Hard to imagine salt and pepper pots could excite much interest. After all, you get them for around €3.50 from Ikea. If you have something more than €50 million spare, though, you could try and purchase the Saliera. Probably best if you don’t put it out on the dinner table…
- Fabulous golden salt cellar from the mid-16th century
- Originally created by Benvenuto Cellini for King Francis I of France
- Once thought lost after an art theft
- Entered Habsburg hands as a gift to Archduke Ferdinand II
- Not actually for sale (do I need to say this?)
- See also:
The Cellini salt cellar
Myriads of astonishing items fill the Kunstkammer, but the Saliera towers over everything else in this diverse collection of exhibits.
(Salt cellar (Saliera) Benvenuto Cellini 1540-1543, Paris, gold, enamel, ebony, ivory 26.3 cm x 28.5 cm x 21.5 cm © Kunsthistorisches Museum Wien)
Ostensibly, what you have is a piece of tableware to hold salt and pepper. And two receptacles (a ship and temple) do indeed serve that purpose.
But it’s so much more than that, as the photo above demonstrates.
Taking a pinch of salt or pepper from the golden Saliera represents an act of submission, an acknowledgement that you remain mere dirt on the shoe of the owner’s prestige and power.
Because it’s hard to maintain a sense of superiority over your host when the value of their salt cellar probably exceeds your entire net worth.
Inside the gallery it calls home, the Saliera rests in its own free-standing glass cabinet, spotlights creating a pool of light in a low-lit room.
Two figures rest on the work’s surface, legs intertwined. A man (“Sea”) holds a trident and sits back almost lasciviously, six-pack to the fore. Opposite him, a woman (“Land”) reclines with one hand pinching a breast.
Elsewhere, a few glass display cases hold other French treasures. For example, some 16th-century cameos, a pendant of gold and enamel, or 16th-century painted enamel tableware from Limoges. These are just window dressing in the presence of the Saliera.
Gold is the piece’s dominant theme, urged into place by the hands of Benvenuto Cellini, an Italian goldsmith, sculptor, and all-round creative genius.
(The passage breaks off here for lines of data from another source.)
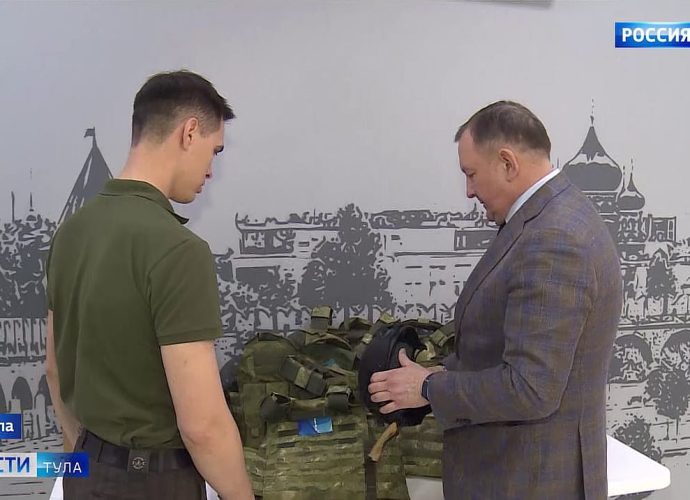 Сенатор Михаил Борщев передал снаряжение центру «Защитник»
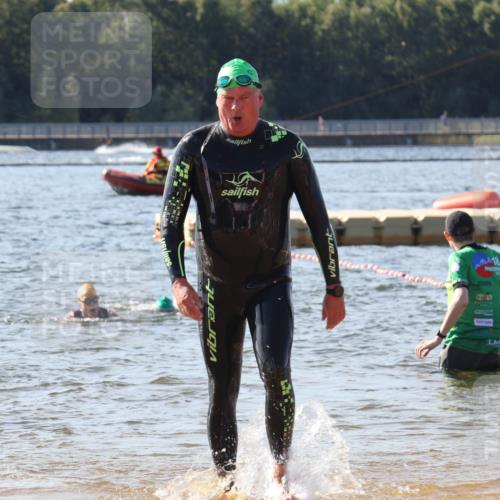 07.09.2025 - 19. Norderstedt Triathlon Luisa Fischer http://msf.ph/oto/8749662 07.09.2025 10:58:04 Schwimmen 710 meine-sportfotos.de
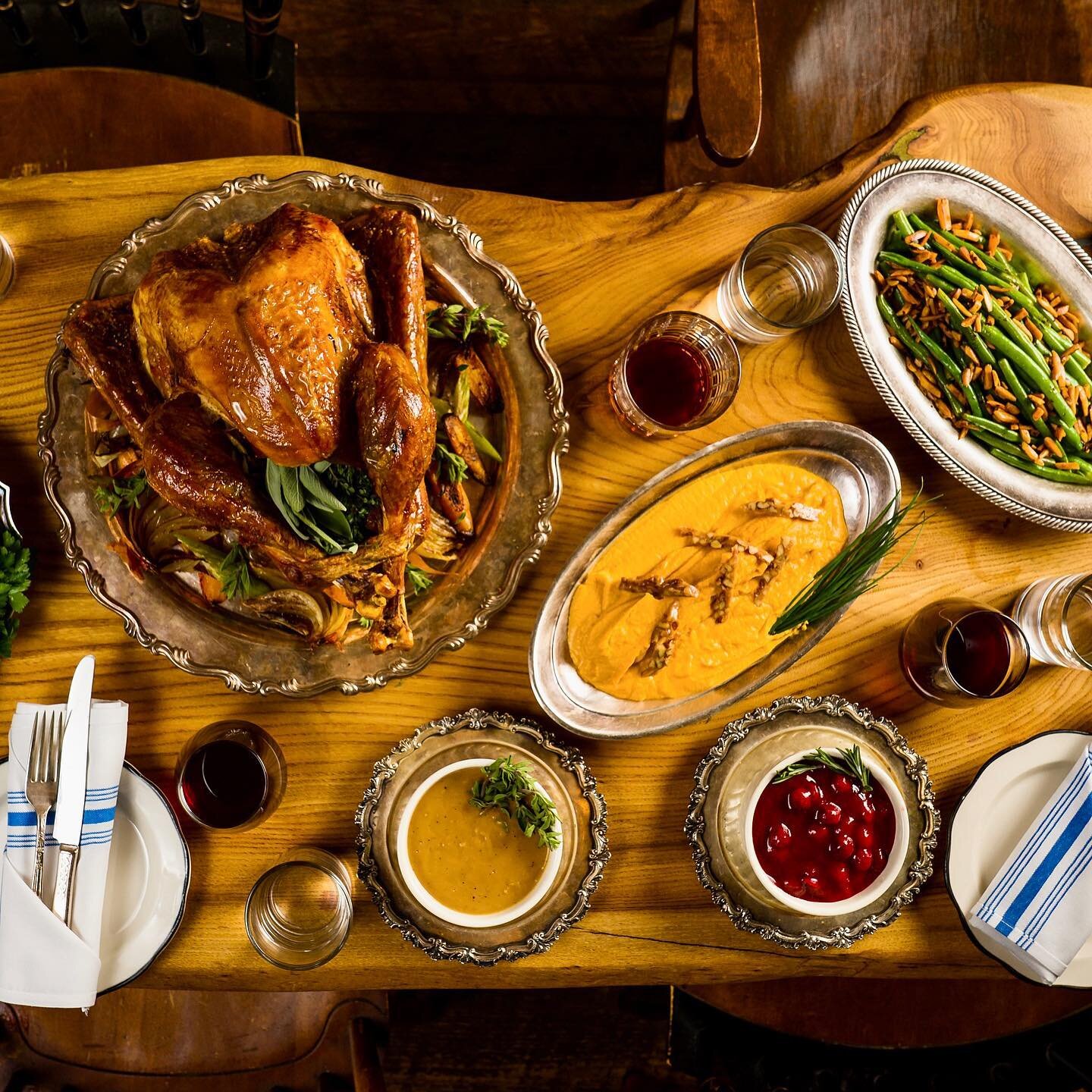 @ahoy_its_crew invites you to a festive Thanksgiving feast at @holywaternyc (reservation link in bio). Culinary director Kerry Heffernan has curated the best of our extended family&rsquo;s recipes for a delightful, holiday prix fixe diner. We look fo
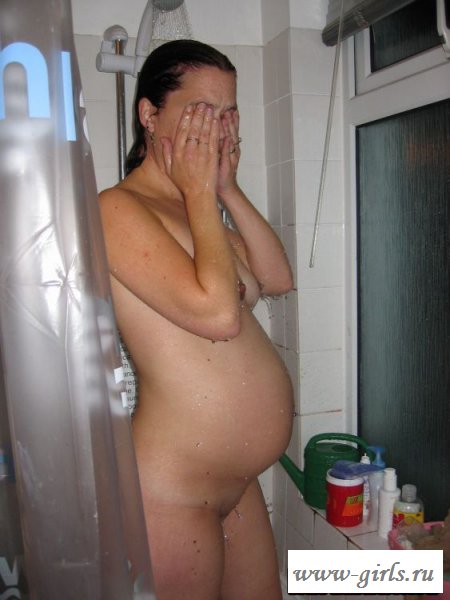 Беременная мадам моется в ванной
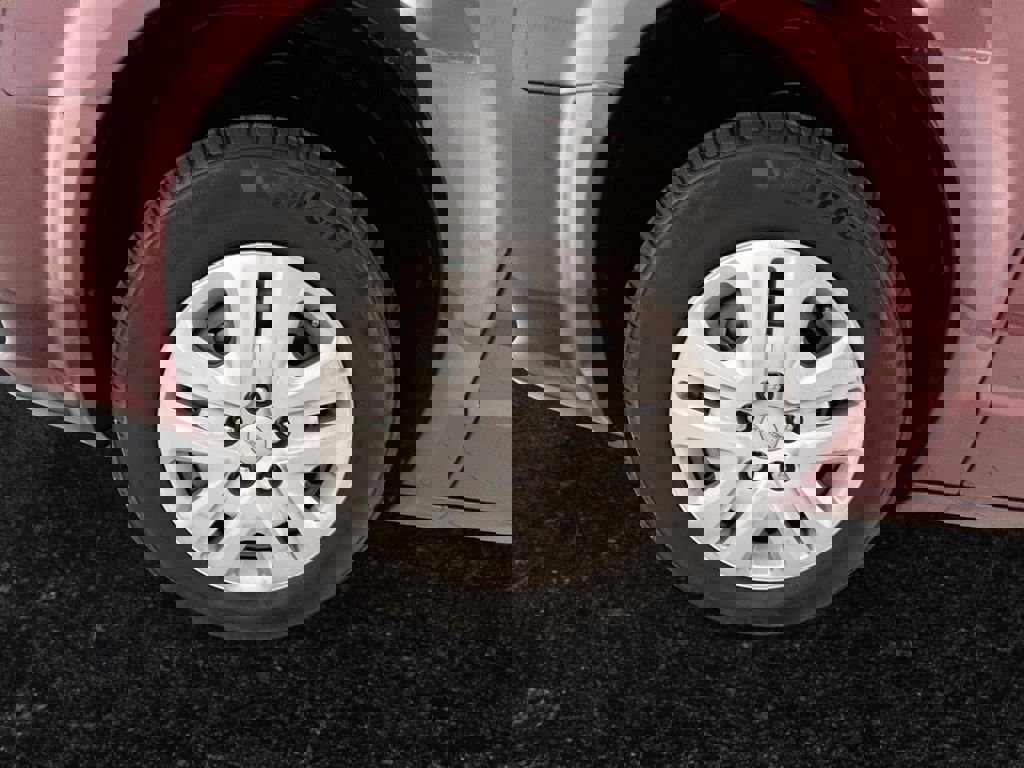 Used 2018 Dodge Grand Caravan SE w/ UConnect Hands-Free Group image 27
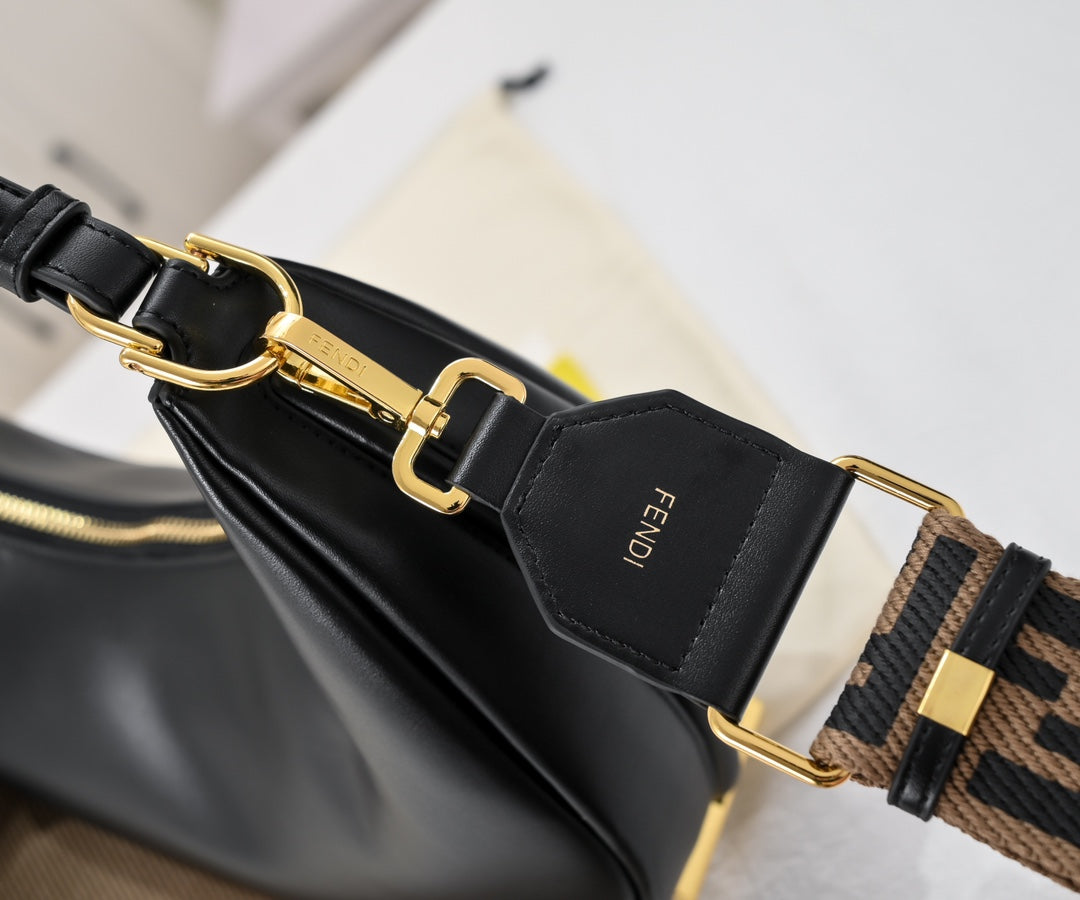 B1X66F2 Fashion high-quality leather bag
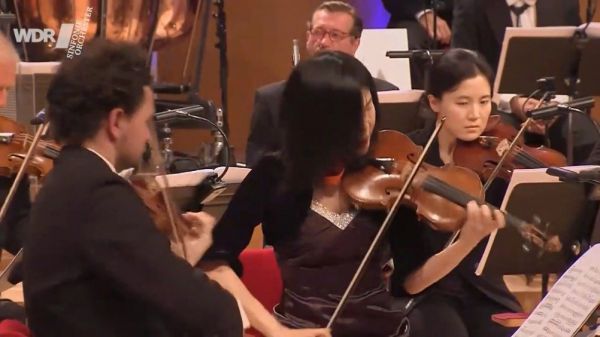 西德广播交响乐团:柴可夫斯基《弦乐小夜曲》片段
Few of his works have survived, but the Saliera is one of them.
(Ferdinand II of Tyrol, one-time owner of the Saliera
Image courtesy of the Rijksmuseum)
Cellini completed his salt cellar in 1543 as a commission for Francis I, King of France.
Later that century, King Charles IX made a gift of it to Archduke Ferdinand II of Tyrol around the time of the former’s marriage to the latter’s niece, Elisabeth of Austria (the daughter of the Habsburg emperor, Maximilian II, who was Ferdinand’s older brother).
I sincerely hope Ferdinand’s wedding gift to the pair was more than a voucher for a Paris spa or there might have been some tension at family reunions.
The Archduke was a noted sponsor of the arts and architect of the prestigious Schloss Ambros collection that later passed into the hands of the KHM.
The story does not end there, though. The Saliera actually fell victim to an opportunistic theft in 2003. Fortunately for us, a contrite thief led police to its whereabouts just under three years later.
How to get to the Saliera
Once you’ve found the KHM, enter the main entrance hall with its glorious dome; the stairs to the left take you up into the Kunstkammer.
Once inside the Kunstkammer, go straight on through the galleries until you can’t go any further and have to turn left or right. On the left is Gallery 24 (Saal XXIV) and inside is the Saliera.